Seán Lysaght's new collection, Carnival Masks (Gallery Press, €18.50), begins with Lysaght's speciality, lyrics that arise from close observations of a particular wild place, in this case the north Mayo landscape with which his readers will be familiar. In these new poems Lysaght presses his scenes from the natural world into service for thematic concerns: the opening poem, Skylarks in January , is exemplary in the way it notices, with typically vigorous precision, how four skylarks call "across the clouds, / still dragging a grey hawser / that ends in the sea / after weeks in the links / while the waves poured thunder".

What Lysaght does next, though, is rope that image into a very different kind of observation, contrasting those four high-flyers with “all love wants – / there in the heather – is a nest, / a few stray notes, / a closer look at the crest”.

Lysaght reads the natural world and, in poems like this, convinces us that it speaks, indirectly but powerfully, to our concerns.

Such poems can run risks of the kind Oscar Wilde identified when he said of Wordsworth that he "found in stones the sermons he had already hidden there". When Lysaght marks Queen Elizabeth's visit to Ireland in 2011, in Whimbrels , he acknowledges how hyperbolic it is to read the "strange notes and wild flutings" of these "curlew cousins with stylish crowns" as a kind of "enchantment", but he carries on in that vein, ending by declaring the birds "exalt / the actual, like the coming of a queen. / The townland was full of wonderful noises".


One of the sources of such boldly exaggerated writing may be Lysaght's study of Edmund Spenser, that archetypal English-language (and Elizabethan) allegorist of Ireland.
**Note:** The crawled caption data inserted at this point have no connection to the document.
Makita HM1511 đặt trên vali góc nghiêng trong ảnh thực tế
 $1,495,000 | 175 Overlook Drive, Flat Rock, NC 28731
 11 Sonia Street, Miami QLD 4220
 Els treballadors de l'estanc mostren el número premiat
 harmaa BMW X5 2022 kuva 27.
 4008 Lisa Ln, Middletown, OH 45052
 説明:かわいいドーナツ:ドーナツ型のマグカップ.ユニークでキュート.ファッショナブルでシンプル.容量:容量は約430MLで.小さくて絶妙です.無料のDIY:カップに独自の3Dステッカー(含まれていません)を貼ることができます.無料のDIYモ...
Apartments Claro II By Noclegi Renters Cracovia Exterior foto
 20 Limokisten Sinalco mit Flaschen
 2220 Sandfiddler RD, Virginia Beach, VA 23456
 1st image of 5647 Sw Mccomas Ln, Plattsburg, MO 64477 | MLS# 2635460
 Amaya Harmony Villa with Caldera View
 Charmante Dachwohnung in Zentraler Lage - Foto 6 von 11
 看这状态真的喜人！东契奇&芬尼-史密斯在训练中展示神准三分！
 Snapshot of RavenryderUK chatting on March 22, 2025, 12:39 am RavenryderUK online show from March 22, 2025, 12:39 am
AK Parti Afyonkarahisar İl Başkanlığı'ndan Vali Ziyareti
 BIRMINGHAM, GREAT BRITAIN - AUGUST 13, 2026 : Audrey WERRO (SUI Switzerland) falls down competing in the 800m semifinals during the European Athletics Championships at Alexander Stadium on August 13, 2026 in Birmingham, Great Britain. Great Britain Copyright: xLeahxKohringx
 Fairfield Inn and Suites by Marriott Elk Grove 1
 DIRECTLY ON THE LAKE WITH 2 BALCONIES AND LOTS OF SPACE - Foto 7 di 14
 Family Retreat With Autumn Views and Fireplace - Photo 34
Lysaght is preoccupied by how we write and rewrite history and, like his contemporary Thomas McCarthy, has previously written a sort of historical verse fiction, in his case a biography of Spenser that he published in 2011.

Carnival Masks includes a sonnet sequence called Letters to a Tudor Poet that reclaims Spenser as he places him in his familiar historical and literary locations: Smerwick Harbour, a pastoral Italian scene, a working farm, the flooding Thames, the "walled town of Corke" and, finally, Kilcolman Castle, his "ruine of time", where the poet raises "another ghost, / a kestrel from an arch" and hears it "calling / over lonely flats at the Awbeg's margin".

The backward look of those Spenser sonnets is also evident in versions of Goethe and Rilke, and in the closing set of poems that happily visit Italy and the Mediterranean, poems that are more occasional and discursive though not without the piercing glances that characterise the book's Mayo landscapes: "My parents come to Italy now that they are dead, / still the same people travelling in my head, / but more vivid, enhanced, if they appear in a dream / like my mother's radiant face when I arrive home." ( Venetian Notebook ).

Tom Duddy's name appeared over the past decade in magazines like the SHOp , the Dark Horse and Poetry Ireland Review : his poems were marked by their quietness, a thoughtful and occasionally awkward slowness, and the concentration they brought to the scenes they conjured up with such refreshing plainness. The first poem in his second collection, The Years (Happenstance Press, £12), is The Appointment ; it gives a good sense of how his poems seem to run on a little before they bring their reader up short:

Outside the window the birds

chirr, churr, chortle, cawk, bicker

and gurgle in a slow-burning

ticking over and idling

of sun-triggered energies.

This side of the window, in the light

that barely makes it into the room

around the end-folds of the dark blue

curtains, a stooping figure searches

back and forth, back and forth

in a secret drawer, scarcely

making a sound, thinking

not to wake me till it’s time.

Duddy does not range widely, but these are vivid poems: his speakers are usually solitaries, for whom noticing the world around them is often identical with remembering another world. In The Last Verse "ship-shape terraces / lying anchored in the smoke of early fires" return him to another March morning and classroom recitations of Sir Walter Scott's Coronach until "The second verse is falling to me / but now all the lines come easily. / The hand of the reaper / Takes the ears that are hoary" before he returns to the present with a typically glowing image: "What became of Varley? Who has Kyne become? / Did none of them stand in a teeming estate, / turning a towel in a brightening cup?"

Duddy, who died prematurely in 2012, was better known as a historian of Irish philosophy (a subject he taught at NUI Galway for many years) than as a poet, but readers of The Years will discover an affecting collection whose lyrics pick out a way to register the passage of time with surprising and moving force, as when the speaker of Reading "The Dark Edge of Europe" notices "My startling hand! No longer a young man's hand, / a slight silvering – even parching – of the skin, / a tracery that reminds me of the dried-out floor / under our apple-trees one Indian summer. / I go on reading, fingers whispering again, / more eager than ever for turns of phrase, / inklings, intimations, transient solaces.